*** Opening of SUPPLIED RECORDS ***
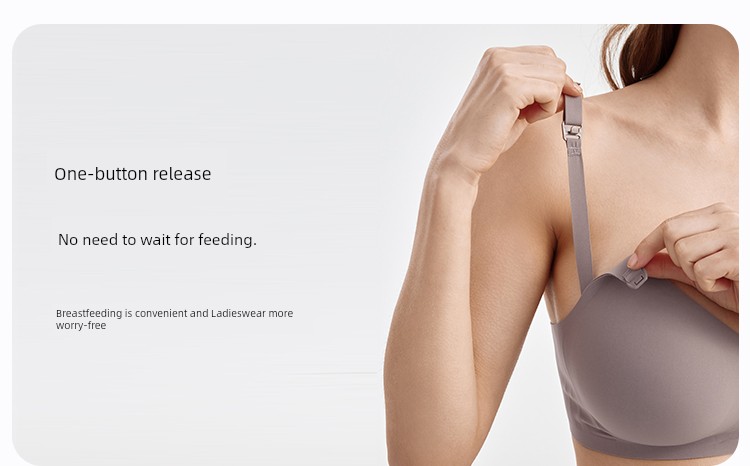 GE Meizi Breastfeeding Intimates Push up and Anti-Sagging Postpartum Feeding Spring and Summer Exclusive for Pregnancy Pregnant Women Bra Seamless — 36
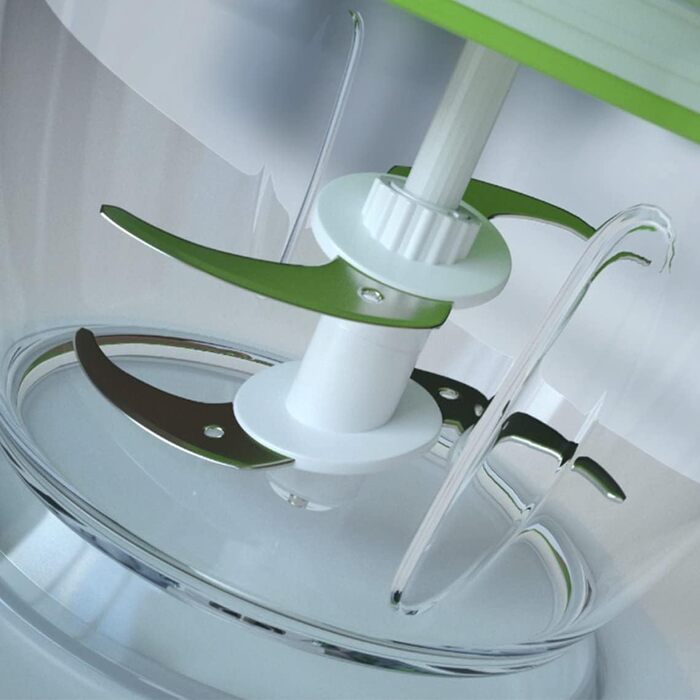 Компактний мультиподрібнювач 6-в-1 Ємність 360 мл і 1000 мл Нарізає, змішує, подрібнює, натирає, збиває та перемішує 300 Вт 2 пластикові контейнери з кришкою 300 Вт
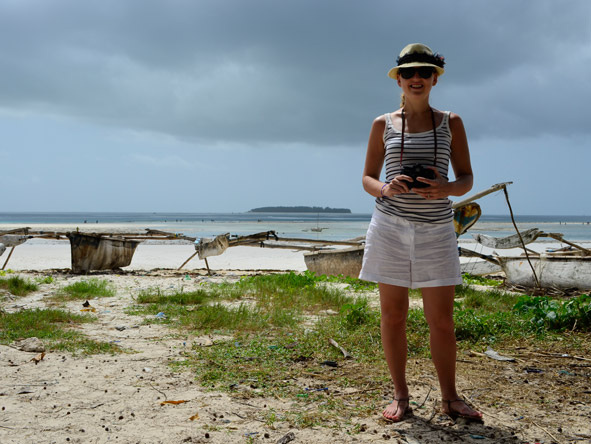 Carlien Parsons - discovering the beauty of Zanzibar in the Indian Ocean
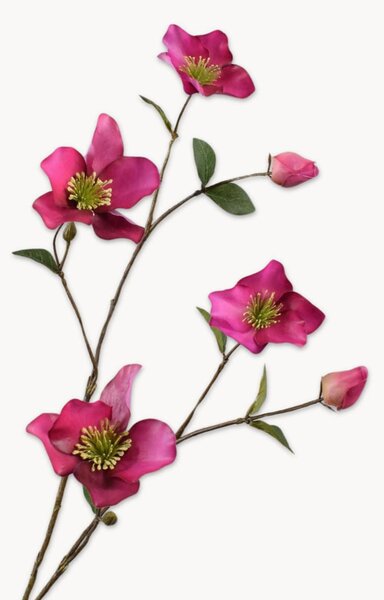 Set di 2 rami artificiali fatti a mano Helleborus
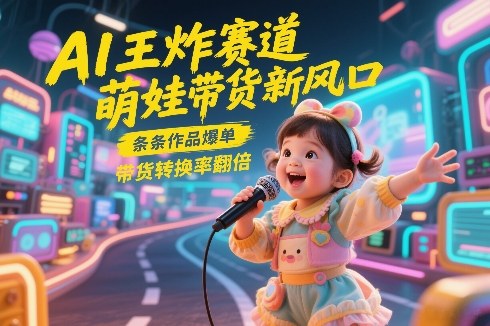 AI王炸赛道，萌娃带货新风口，条条作品爆单，带货转换率翻倍，核心逻辑拆解-LanTi云网创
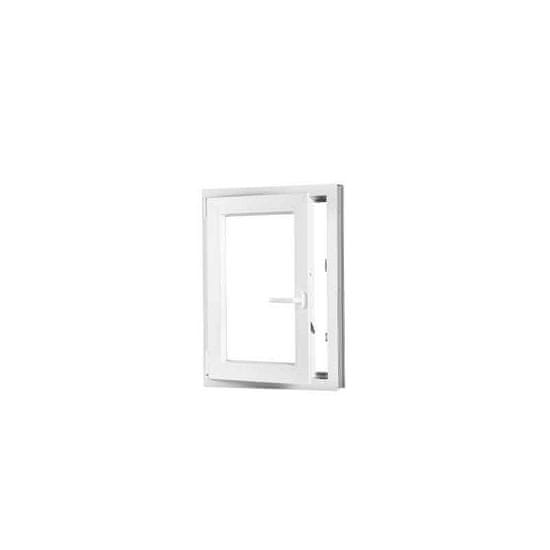 TROCAL Plastové okno | 100x120 cm (1000x1200 mm) | biele | otváravé aj sklopné | ľavé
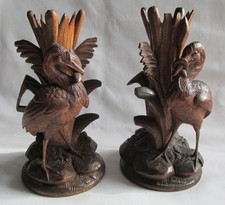 Pair of Antique Black Forest
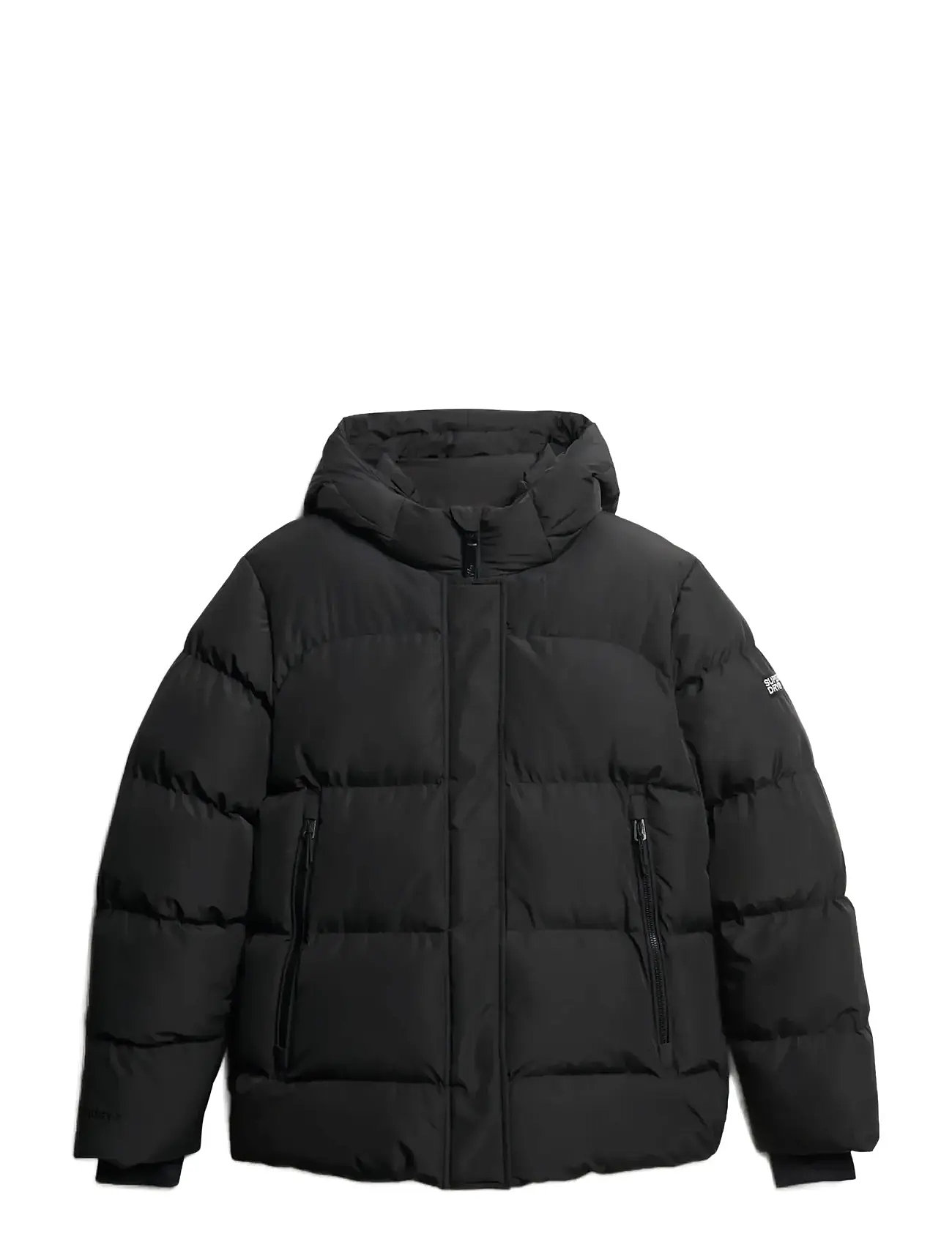 SUPERDRY Hooded 5 Baffle Sport Puffer Schwarz - S - Damen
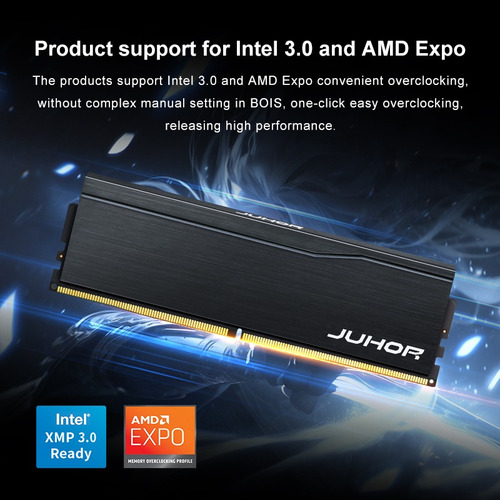 Memoria Ram Ddr5 6000 Mhz 32 Gb (2 X 16 Gb) Juhor Xmp3.0 Cl4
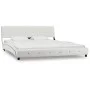 Bett mit weißer Kunstledermatratze 160x200 cm von vidaXL, Betten und Lattenroste - Ref: Foro24-277572, Preis: 487,05 €, Rabat...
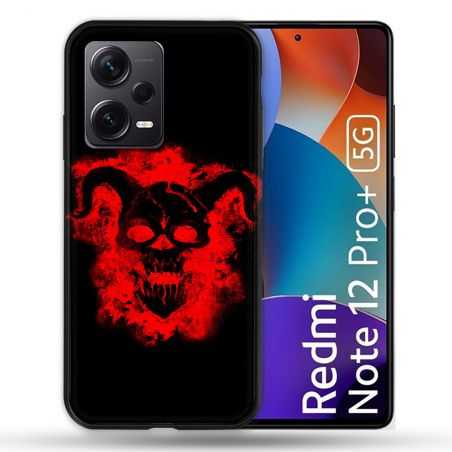 Coque Renforcée Pour Xiaomi Redmi Note 12 Pro Plus 5G Tete de Mort Diable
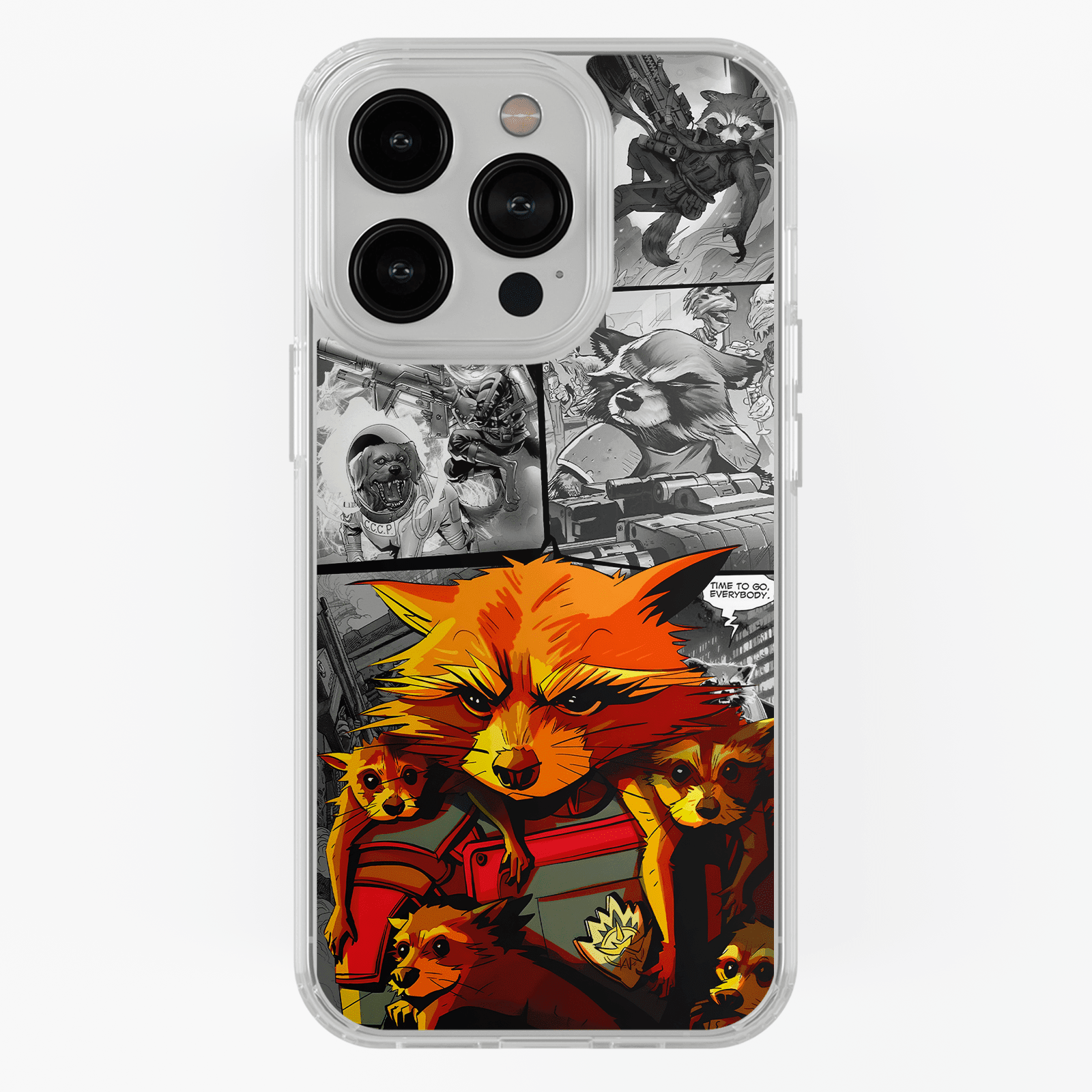 Funda Rocket - D8 (MARVEL) - Kiracases by Pulso creativo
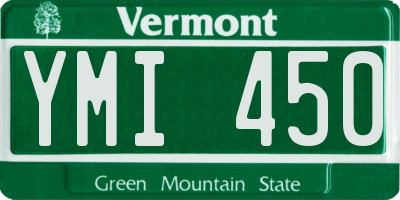 VT license plate YMI450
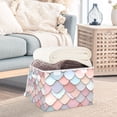 thumbnail image 3 of Yayeee Collapsible Cube Storage Bin with Lid Fabric Closet Decorative Basket with Handles, Art Pattern, 3 of 7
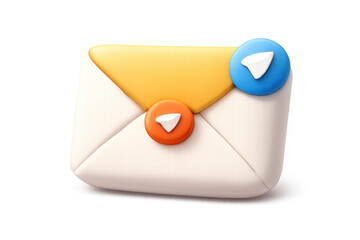 Email icon design with simple compose elements for digital communication and messaging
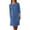 Blue, variant on Efsteb Womens Summer Dresses 2025 Crew Neck Button Tshirt Shirts Dress Comfy Short Sleeve Summer Fashion Casual Sundresses Solid Color Dresses (Blue,XXL)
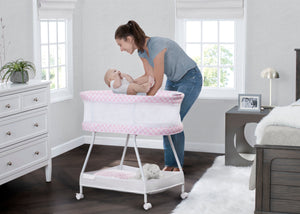 Pink Infinity (2234) bassinet 0-Sweet Dreams Bassinet with Airflow Mesh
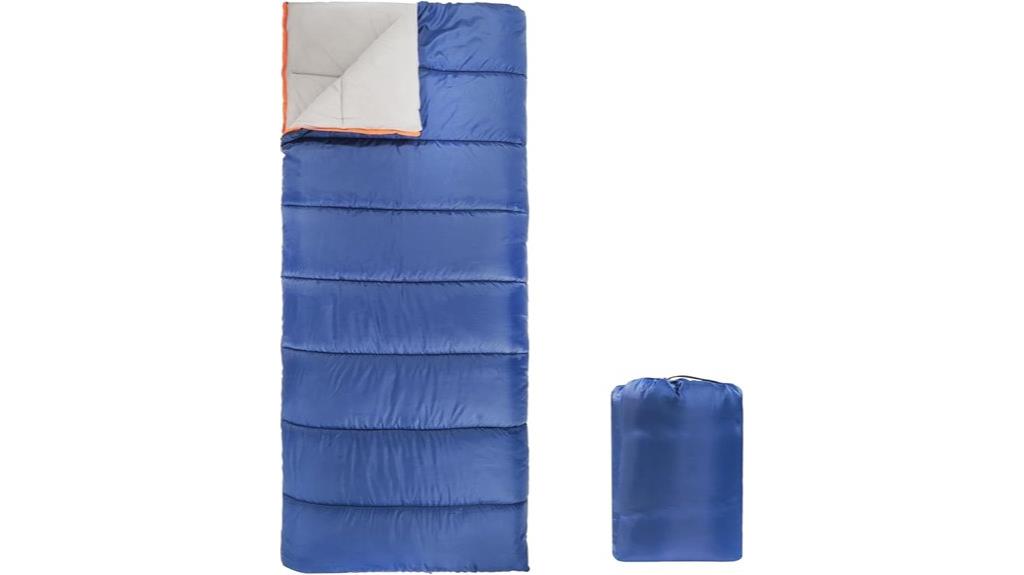 warm lightweight sleeping bag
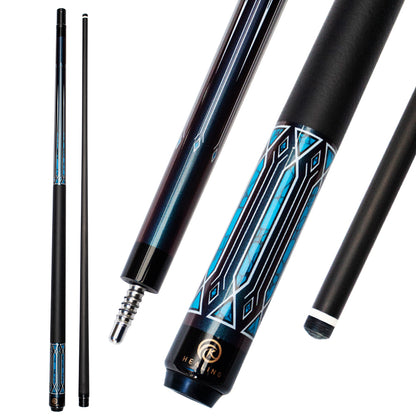 Carbon Fiber Pool Cue Radial - 11.8mm Low Deflection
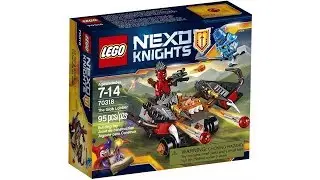 LEGO Nexo Knights 70318 The Glob Lobber Building Kit (95 Piece)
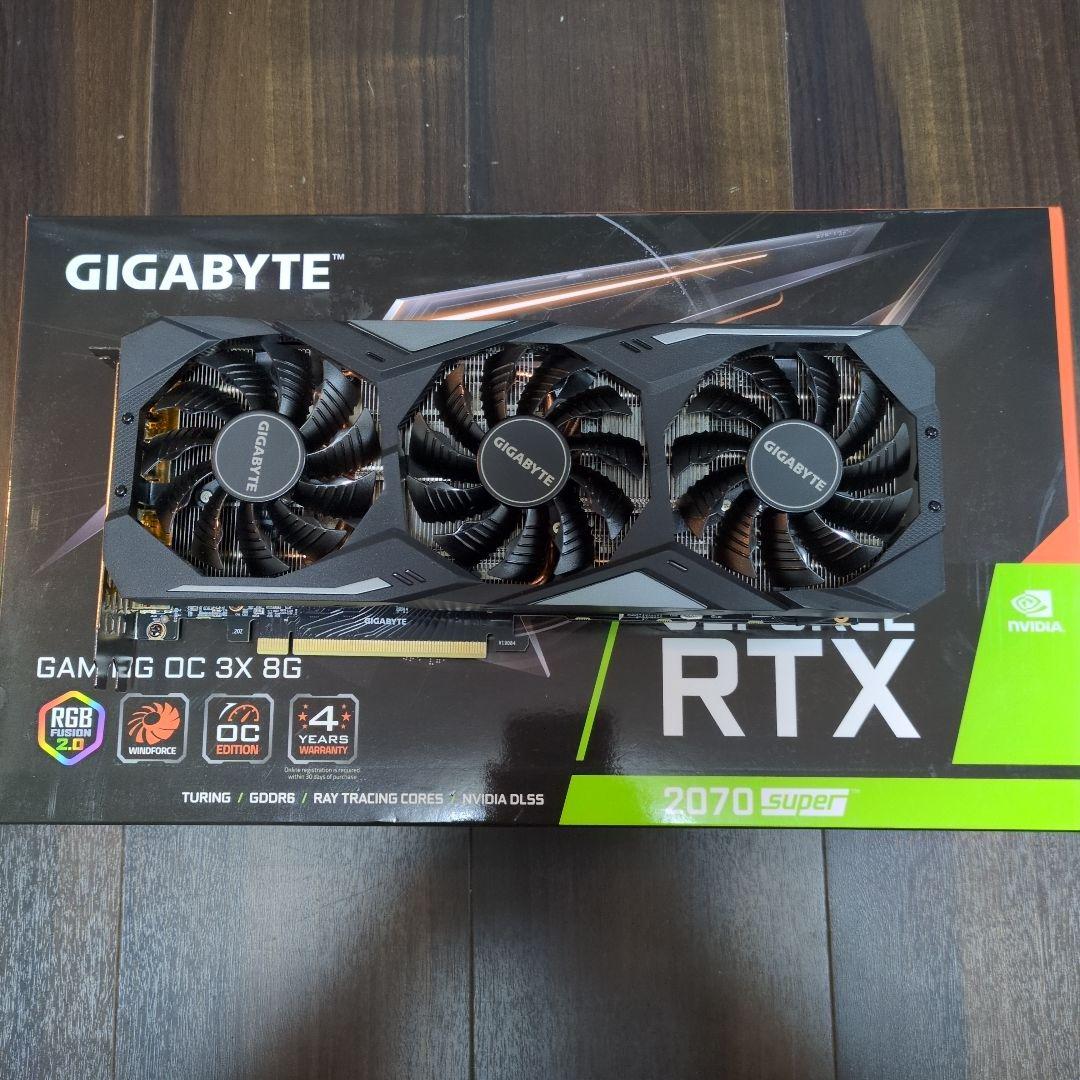グラフィックボード・グラボ・ビデオカード GIGABYTE RTX 2070 Super Gaming OC 8G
*** Close of SUPPLIED RECORDS ***
- TASK ITEM:
The answer should consist only of the lines from the line with "warm lightweight sleeping bag" through the last line of the data, repeated exactly; pictures stay out.

- THE COMPLETED TASK:
 warm lightweight sleeping bag
 Carbon Fiber Pool Cue Radial - 11.8mm Low Deflection
 LEGO Nexo Knights 70318 The Glob Lobber Building Kit (95 Piece)
グラフィックボード・グラボ・ビデオカード GIGABYTE RTX 2070 Super Gaming OC 8G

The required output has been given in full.